TASK INSTRUCTIONS:
Your output consists solely of the lines from the one that contains "CC EARRINGS" to the end of the material, each reproduced exactly; pictures do not belong in it.

COLLECTED DATA:
========
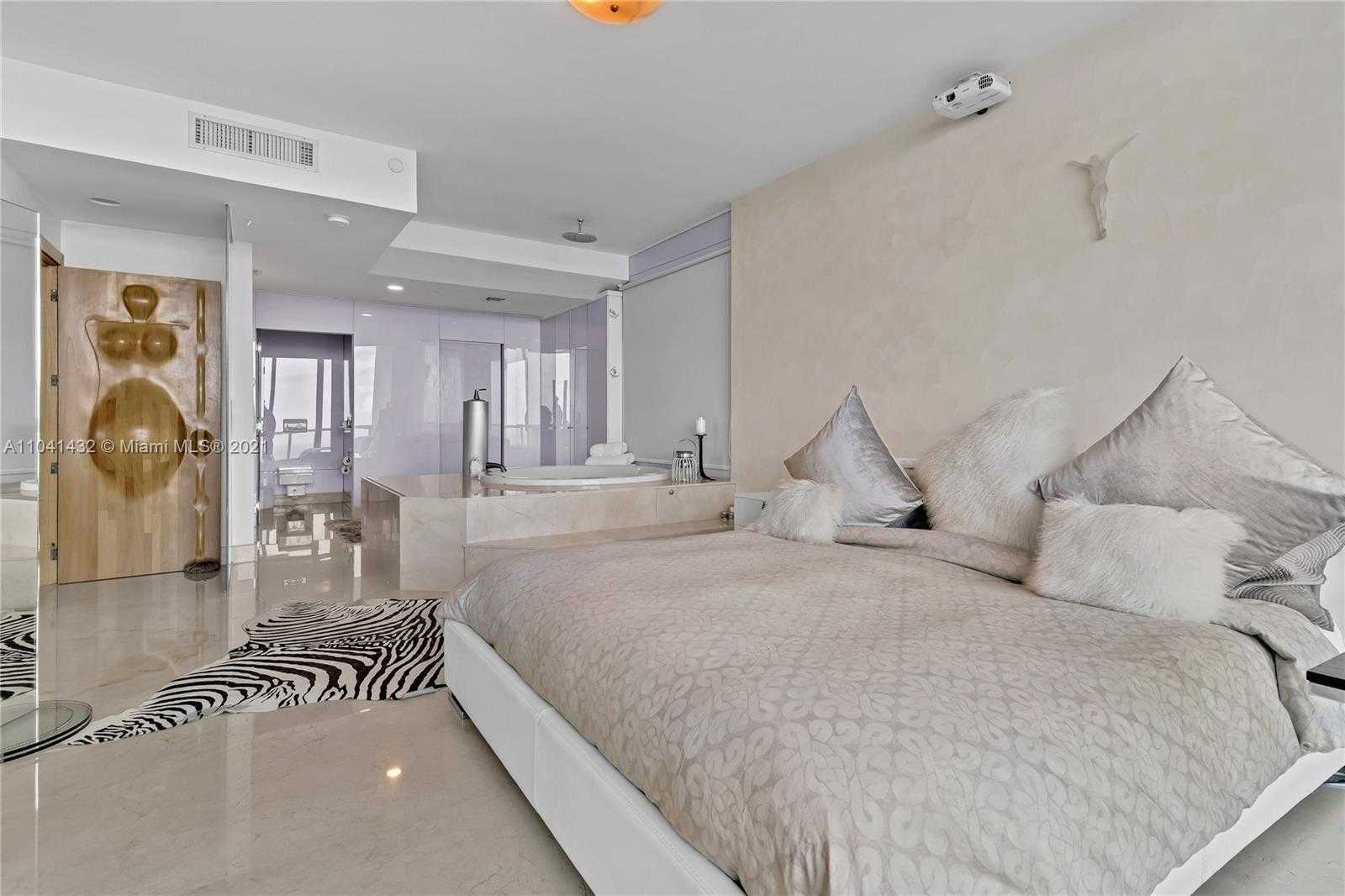 Small Image of 900 BISCAYNE BLVD #6301, Miami Number 45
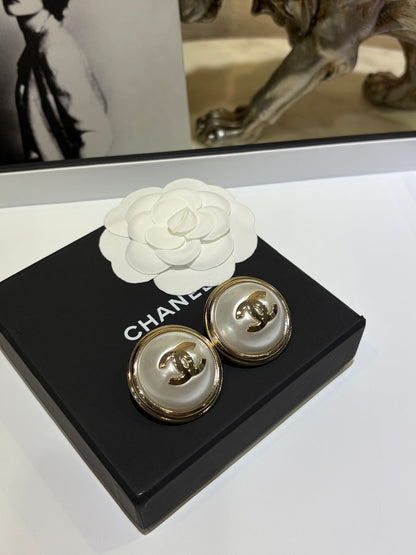 CC EARRINGS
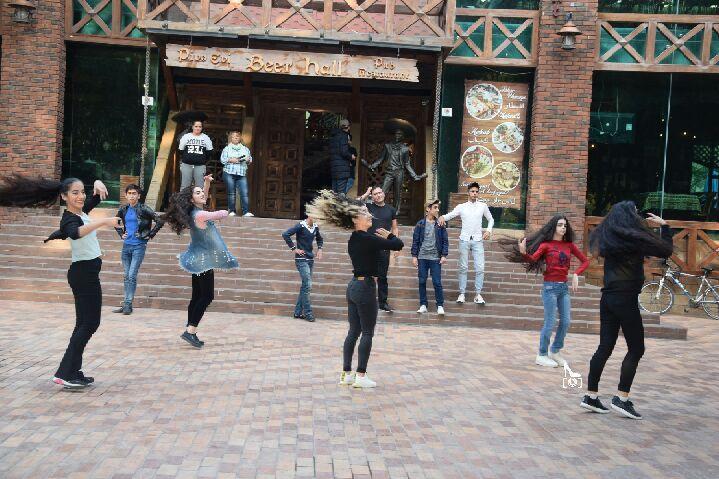 В Баку прошел флешмоб индийских танцев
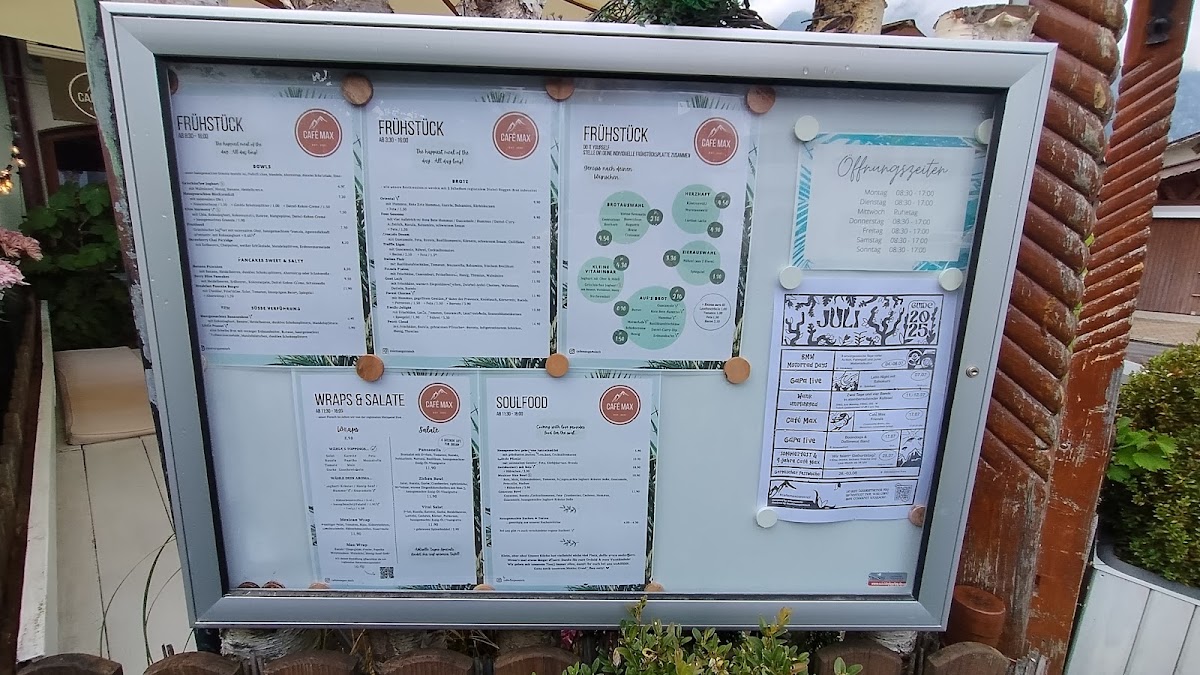 Café Max menu board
========
EXPECTED ANSWER:
 CC EARRINGS
 В Баку прошел флешмоб индийских танцев
 Café Max menu board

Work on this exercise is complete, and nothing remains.